As South Africans we are surrounded by a bureaucratic and executive tomfoolery that many swallow by the gulp. Currently we are in lockdown due to COVID and this has brought with it its own silliness.
Sale and transport of alcohol and cigarettes is illegal, as is a garden fork or board game in the aisle over from the apparently essential chocolate and candies while we sit cooped up in our homes for three plus two weeks. Additionally, the chaotic implementation of the lockdown has seen even sanitary pads, condoms, and lube prohibited from purchase. There is something wrong with anyone who believes this is somehow acceptable. But alas, there are many people who do think like this and invoke all sorts of arbitrary justification for it. Alcohol and cigarettes are addictions, but they are also acceptable coping mechanisms. And in this time, people certainly need their coping mechanisms as they sit idle at home for several weeks on end with no certainty of their future. Such people do not need to be told “it’s for your own good”.
The COVID-19 crisis has brought many people out the closet on what they believe, and the results are worrisome for future liberty to say the least. What many people believe is that they will do whatever is necessary to overcome a perceived emergency at whatever the cost, including ‘snitching’ on lockdown rule breakers that go for a walk alone.
I have stopped counting the murders and deaths by security forces since the start of this lockdown. On Good Friday, someone was allegedly beaten to death by soldiers for consuming alcohol in his front yard with his wife. He was apparently in contravention of lockdown regulations doing this. The deaths of innocent people, some of whom who were not a threat to anyone by any imaginative stretch. For what? To add insult to injury, there were again people who supported the heavy-handed humiliation tactics by the army and police because these people somehow ‘deserved it’. Even worse were the police and army members who refused to condemn their colleagues and instead actively defended them on social media.
People are so high up in their ivory towers of virtue that Jordan Peterson once even called out those that believe they would have helped Anne Frank and other Jews in Nazi Germany. His reason being that people are not as brave as they think they are, not least because they do not seem to factor in the penalties should they be caught, and that it is easy to retrospectively see what was right and wrong and make a decision with no threat to being subject to forces that would have influenced such a decision at the time.
However, right now in South Africa we can see that Peterson should probably have further qualified his statement; namely that to decide how you would or ought to act, you first need to perceive a need to act. To perceive a need to act, one must be able to distinguish between arbitrary and substantially justified acts. Many South African are failing miserably in this first step and swallowing literally everything that proceeds from the mouth of the executive without critically considering it or the implications, all because ‘it is for the good’.

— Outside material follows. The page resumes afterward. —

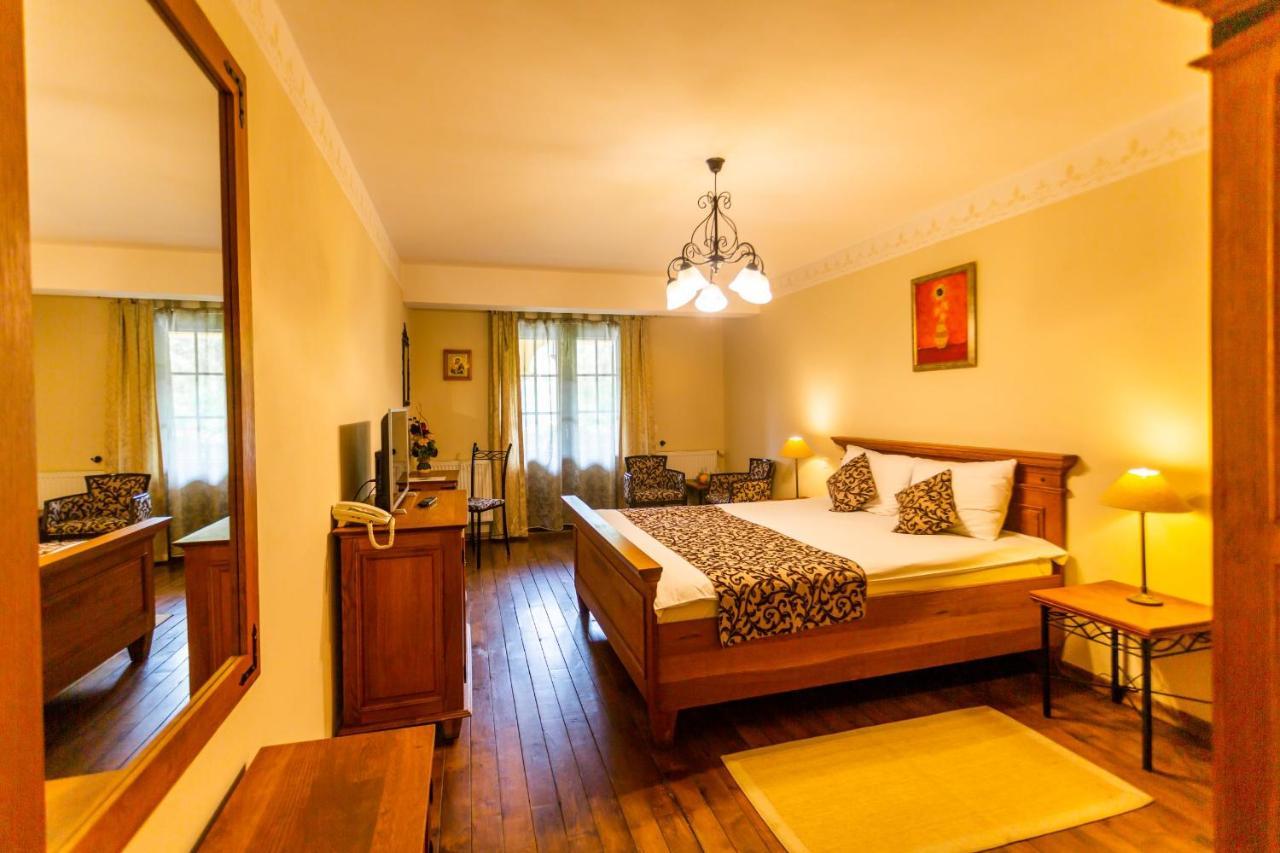 Turnul Hotel 3*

Similarly when Cele said that crime is so low right now because of the alcohol ban (patently false for a variety of reasons), more came out the woodwork to support and justify Cele’s statement citing the blood soaked weekend hospital ER floors and trauma medical staff go through and that therefore ‘he is right’. Such people are vital to society and the economy, but they chose the blood-soaked ER rooms and emotional appeals to ‘do the right thing’ are never a good way to make policy.

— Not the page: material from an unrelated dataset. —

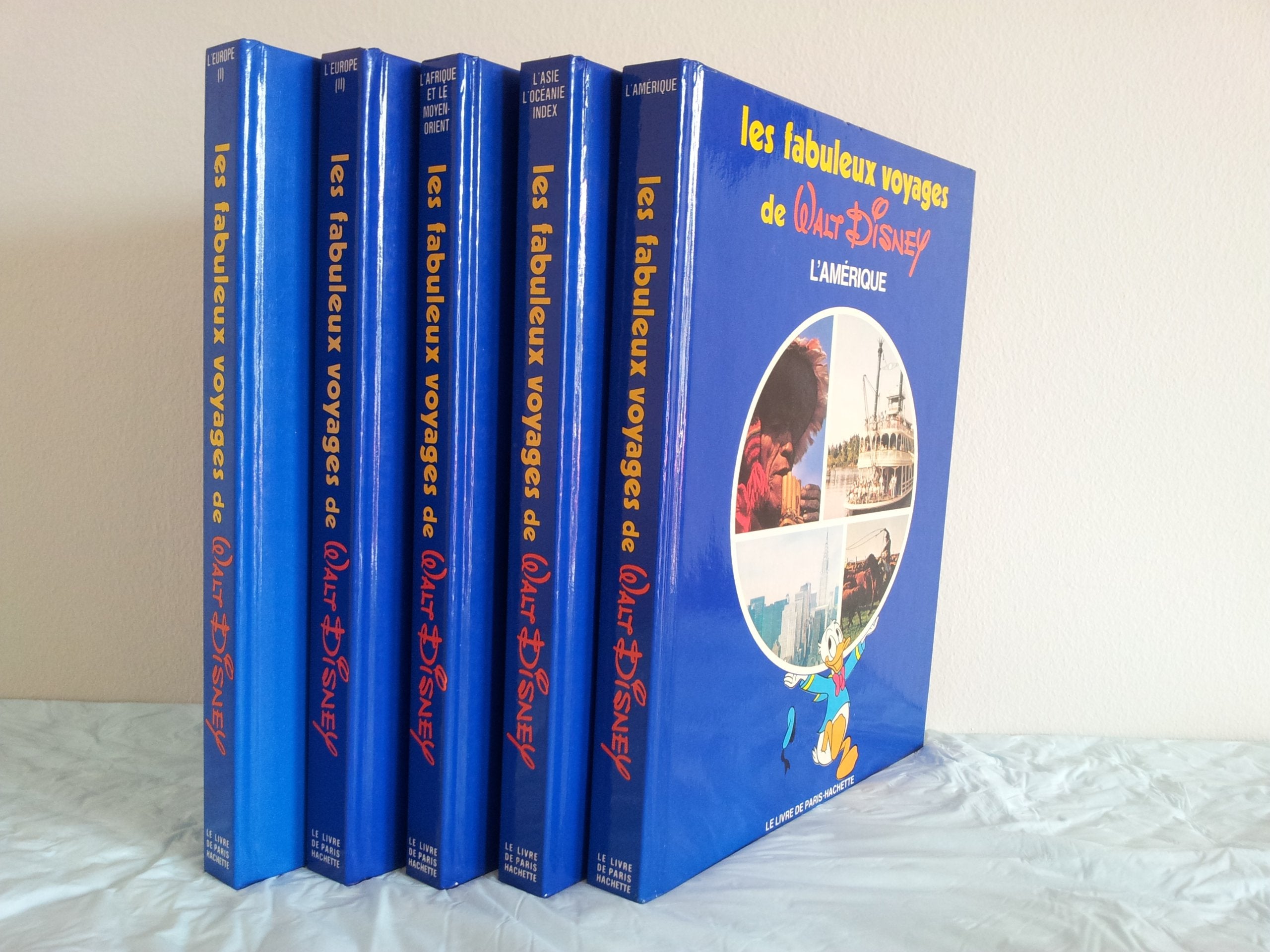 LES FABULEUX VOYAGES DE WALT DISNEY - COLLECTION COMPLETE EN 5 VOLUMES book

There are many, many more people who are not earning in this time, and many people will not have a job to go back to either. But we are not to worry, because as we sacrifice their livelihoods on the altar of the state, it is for their and our own good. My grandmother’s gardener called her saying how desperate he is (she withholds most of his wages at his request to head off any financial loss he may incur should he be robbed). He needed to travel from the nearby township to her to fetch some money to buy food because he had not budgeted for a two-week extension. But this movement is of course verboten.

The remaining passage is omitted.